Record excerpts: Begin

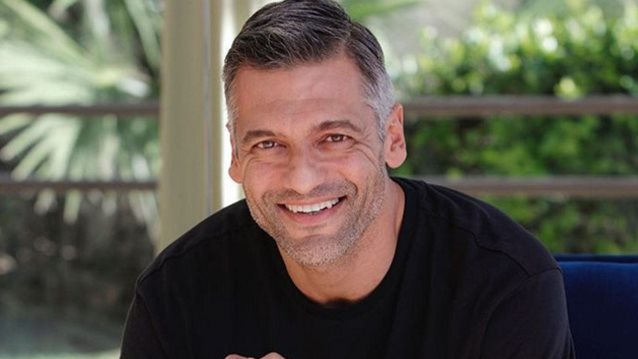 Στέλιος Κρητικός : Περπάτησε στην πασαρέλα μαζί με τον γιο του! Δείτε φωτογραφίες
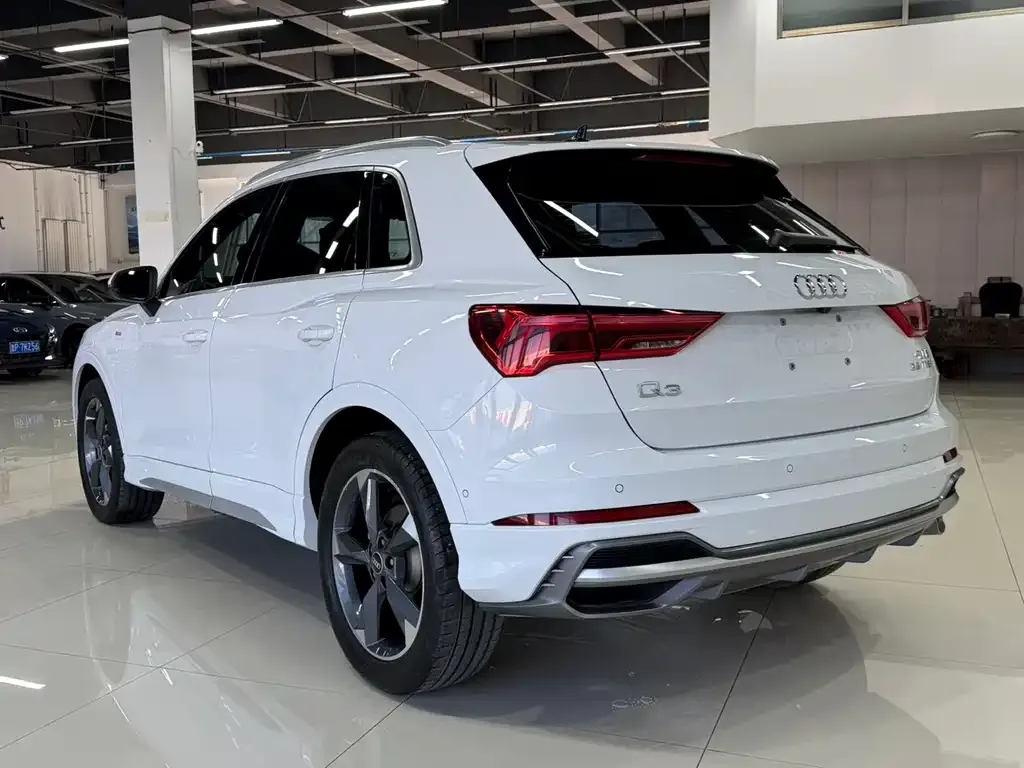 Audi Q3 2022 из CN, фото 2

Record excerpts: End
Record excerpts: Begin

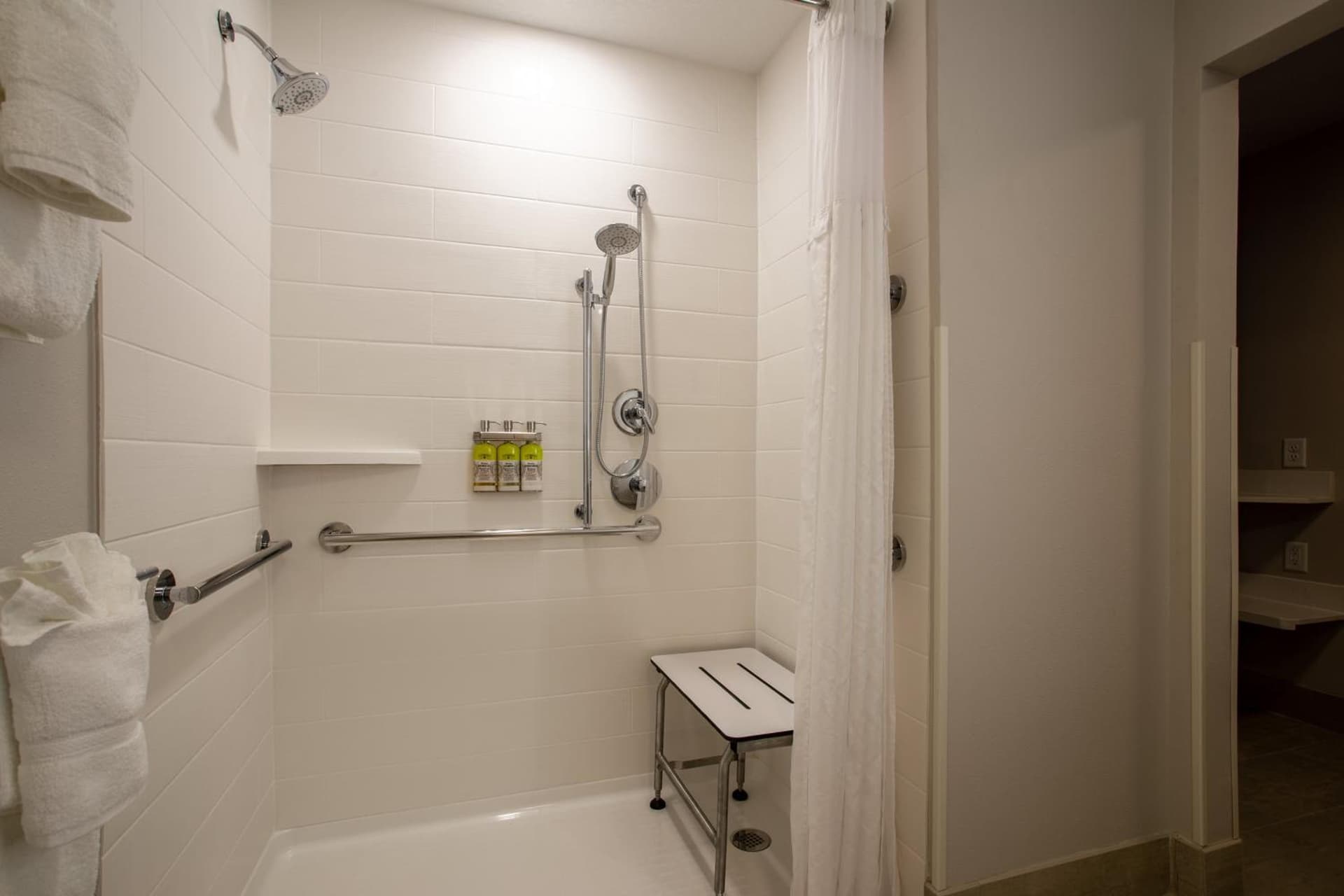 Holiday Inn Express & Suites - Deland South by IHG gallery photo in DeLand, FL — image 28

Record excerpts: End
Record excerpts: Begin

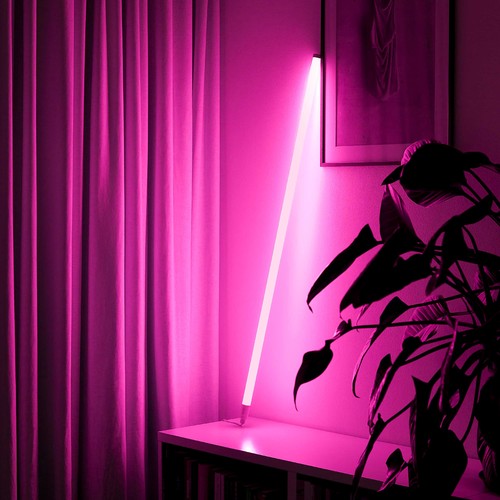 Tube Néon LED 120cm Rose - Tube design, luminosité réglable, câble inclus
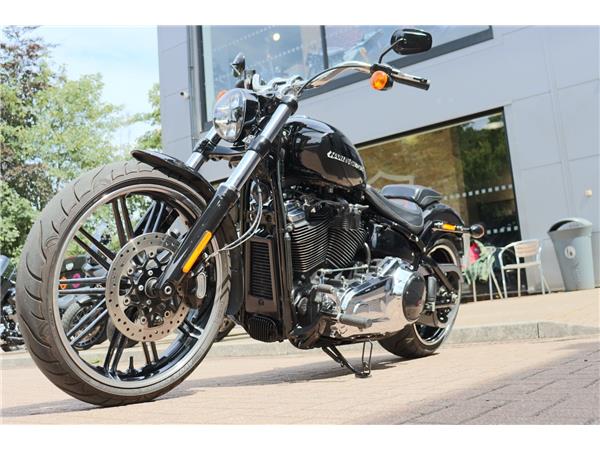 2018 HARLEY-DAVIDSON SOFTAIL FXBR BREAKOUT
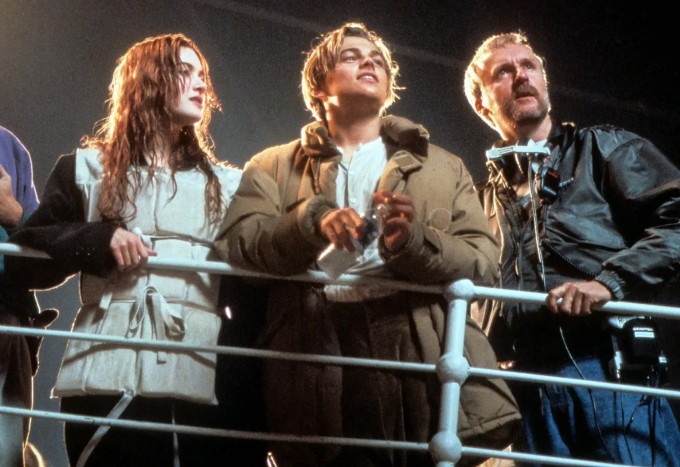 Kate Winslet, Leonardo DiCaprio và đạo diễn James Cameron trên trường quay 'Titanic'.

Record excerpts: End

Assignment: The expected output is the lines above from the one containing "2018 HARLEY-DAVIDSON SOFTAIL FXBR BREAKOUT" to the one containing "Kate Winslet, Leonardo", both ends included, reproduced exactly with every picture left out.

Expected output:
 2018 HARLEY-DAVIDSON SOFTAIL FXBR BREAKOUT
 Kate Winslet, Leonardo DiCaprio và đạo diễn James Cameron trên trường quay 'Titanic'.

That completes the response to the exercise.